* [TASK BRIEF] Repeat each line of the data below exactly, but skip the pictures.

* [DATA EXCERPT]

----

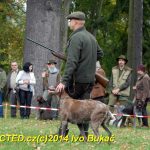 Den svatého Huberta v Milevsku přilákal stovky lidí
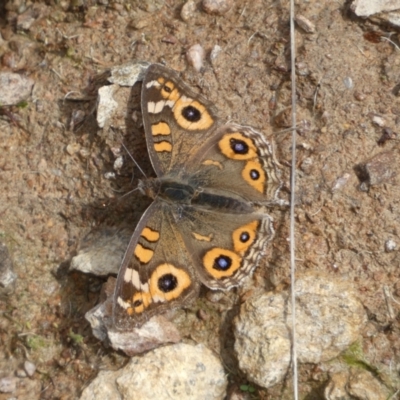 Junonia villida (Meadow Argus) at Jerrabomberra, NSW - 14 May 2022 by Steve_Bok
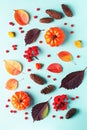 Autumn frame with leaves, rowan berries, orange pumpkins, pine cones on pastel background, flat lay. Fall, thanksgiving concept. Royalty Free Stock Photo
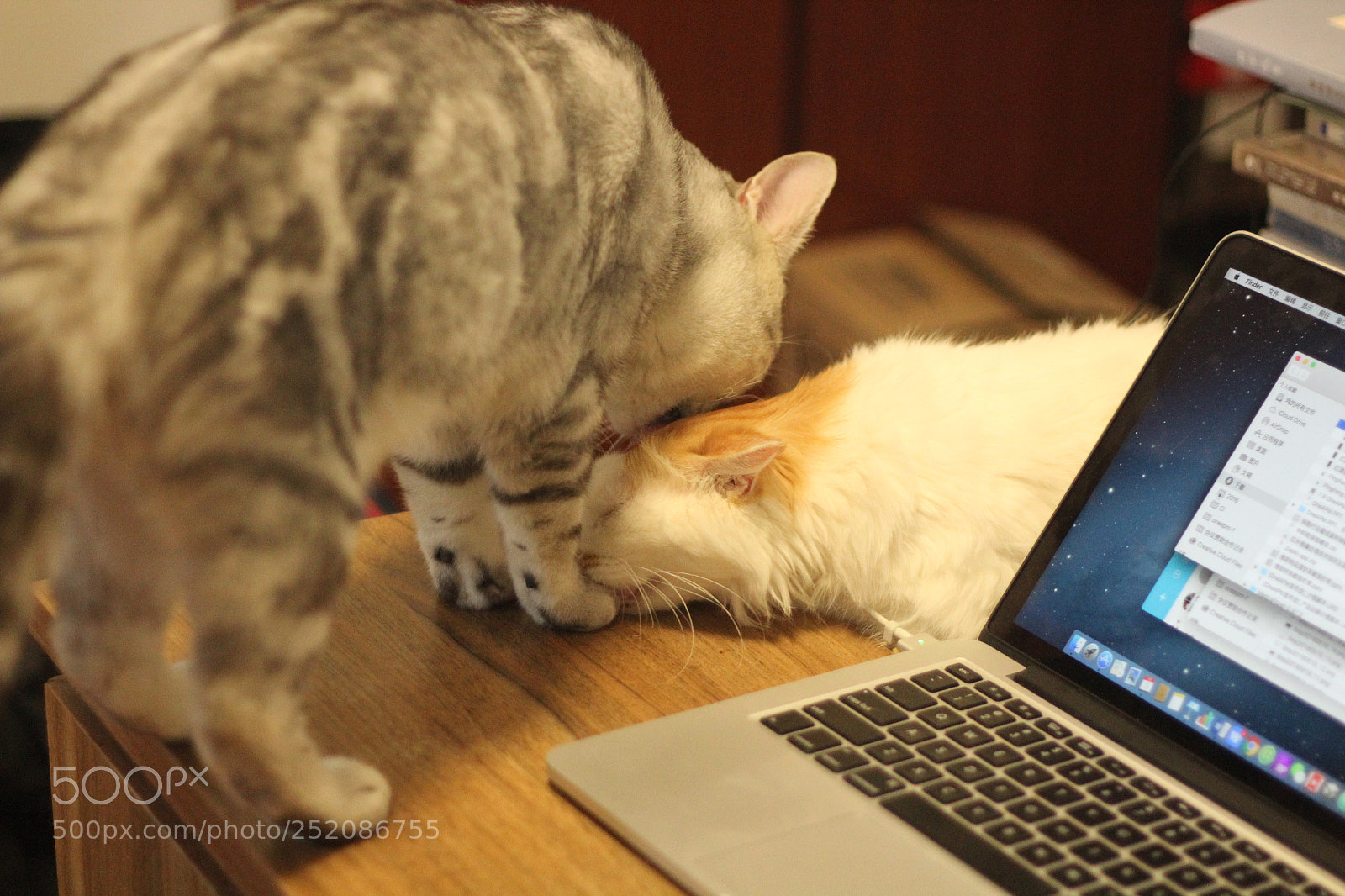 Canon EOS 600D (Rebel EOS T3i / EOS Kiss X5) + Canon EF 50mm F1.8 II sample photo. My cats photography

----

* [WRITTEN RESPONSE]
 Den svatého Huberta v Milevsku přilákal stovky lidí
 Junonia villida (Meadow Argus) at Jerrabomberra, NSW - 14 May 2022 by Steve_Bok
 Autumn frame with leaves, rowan berries, orange pumpkins, pine cones on pastel background, flat lay. Fall, thanksgiving concept. Royalty Free Stock Photo
 Canon EOS 600D (Rebel EOS T3i / EOS Kiss X5) + Canon EF 50mm F1.8 II sample photo. My cats photography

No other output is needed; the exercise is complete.